L’articolo di fondo del Corriere di oggi 13 giugno 2007 è a firma Pietro Ichino ed ha per titolo: “Il contratto impossibile”. Il prof Ichino denuncia la crescente difficoltà nel chiudere i contratti nazionali di lavoro, indica nella mancanza di una visione comune tra le parti la causa di queste difficoltà e propone come soluzione quella di decentrare la contrattazione. Ecco io credo che questa proposta sia un ologramma di mille proposte analoghe che si avanzano a diversi livelli per superare altri “impasse”. Io credo che si tratti di proposte inattuabili e che occorra qualcosa di molto diverso.
Cosa c’è al fondo della proposta del Prof Ichino?
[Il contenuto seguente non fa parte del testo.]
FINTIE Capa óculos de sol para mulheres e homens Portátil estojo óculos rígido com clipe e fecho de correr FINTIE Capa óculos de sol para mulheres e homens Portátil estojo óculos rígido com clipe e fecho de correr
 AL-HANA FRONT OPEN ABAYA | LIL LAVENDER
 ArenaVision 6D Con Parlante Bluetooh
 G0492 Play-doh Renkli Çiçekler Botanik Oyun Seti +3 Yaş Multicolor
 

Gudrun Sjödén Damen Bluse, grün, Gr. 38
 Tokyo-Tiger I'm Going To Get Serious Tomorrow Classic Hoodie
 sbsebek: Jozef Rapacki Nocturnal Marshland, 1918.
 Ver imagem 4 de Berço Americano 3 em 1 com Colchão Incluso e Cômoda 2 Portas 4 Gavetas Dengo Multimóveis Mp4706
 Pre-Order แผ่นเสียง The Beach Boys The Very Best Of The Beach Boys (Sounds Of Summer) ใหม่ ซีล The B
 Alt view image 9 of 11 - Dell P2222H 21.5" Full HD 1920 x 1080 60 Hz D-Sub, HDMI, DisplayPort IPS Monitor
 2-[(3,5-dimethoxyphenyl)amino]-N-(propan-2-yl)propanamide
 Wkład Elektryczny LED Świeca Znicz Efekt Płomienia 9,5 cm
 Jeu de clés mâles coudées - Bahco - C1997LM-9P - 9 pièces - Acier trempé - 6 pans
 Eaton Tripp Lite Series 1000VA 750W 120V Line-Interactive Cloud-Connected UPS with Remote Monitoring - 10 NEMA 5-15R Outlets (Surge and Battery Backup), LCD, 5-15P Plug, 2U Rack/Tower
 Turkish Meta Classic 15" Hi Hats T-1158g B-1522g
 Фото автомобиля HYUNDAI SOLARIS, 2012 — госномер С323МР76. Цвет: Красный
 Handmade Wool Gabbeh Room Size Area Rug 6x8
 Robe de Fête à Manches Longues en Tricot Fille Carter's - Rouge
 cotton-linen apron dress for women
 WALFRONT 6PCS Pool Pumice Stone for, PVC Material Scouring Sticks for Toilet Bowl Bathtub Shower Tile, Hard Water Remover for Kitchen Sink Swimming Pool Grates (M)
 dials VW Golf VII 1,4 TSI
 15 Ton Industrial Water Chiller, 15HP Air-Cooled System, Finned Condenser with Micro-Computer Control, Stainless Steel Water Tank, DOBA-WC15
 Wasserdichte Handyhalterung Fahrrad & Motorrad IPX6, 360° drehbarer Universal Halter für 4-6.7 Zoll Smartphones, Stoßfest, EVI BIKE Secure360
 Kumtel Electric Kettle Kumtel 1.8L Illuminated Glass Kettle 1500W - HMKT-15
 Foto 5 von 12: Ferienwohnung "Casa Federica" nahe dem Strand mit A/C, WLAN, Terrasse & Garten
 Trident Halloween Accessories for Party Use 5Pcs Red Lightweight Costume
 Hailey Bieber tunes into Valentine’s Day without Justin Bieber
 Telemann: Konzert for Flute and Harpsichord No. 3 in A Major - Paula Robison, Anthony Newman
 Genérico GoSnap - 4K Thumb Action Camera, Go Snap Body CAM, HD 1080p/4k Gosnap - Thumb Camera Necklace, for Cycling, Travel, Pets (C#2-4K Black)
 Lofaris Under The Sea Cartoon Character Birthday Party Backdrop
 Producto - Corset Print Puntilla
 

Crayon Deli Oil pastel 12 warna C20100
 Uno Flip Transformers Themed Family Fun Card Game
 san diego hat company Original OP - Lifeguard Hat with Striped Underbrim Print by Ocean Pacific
La corretta osservazione che la società sta diventando sempre più complessa ed articolata, ma la sbagliata soluzione che occorre a semplificare questa complessità attraverso la contrattazione a livello locale ed aziendale.
La stessa visione viene proposta a livello politico. Si dice: stiamo assistendo ad un proliferare di partiti politici (e il proliferare viene visto come negativo); questo proliferare impedisce di decidere, allora occorre semplificare.
La stessa soluzione viene proposta a livello d’impresa. Chi non sostiene che occorre una forte capacità decisionale perché “tempus fugit?”. Detto più modernamente: il “time to market” per seguire le tendenze di mercati che sembrano aver preso il gusto di girarsi e rivoltarsi nello spazio di un sospiro?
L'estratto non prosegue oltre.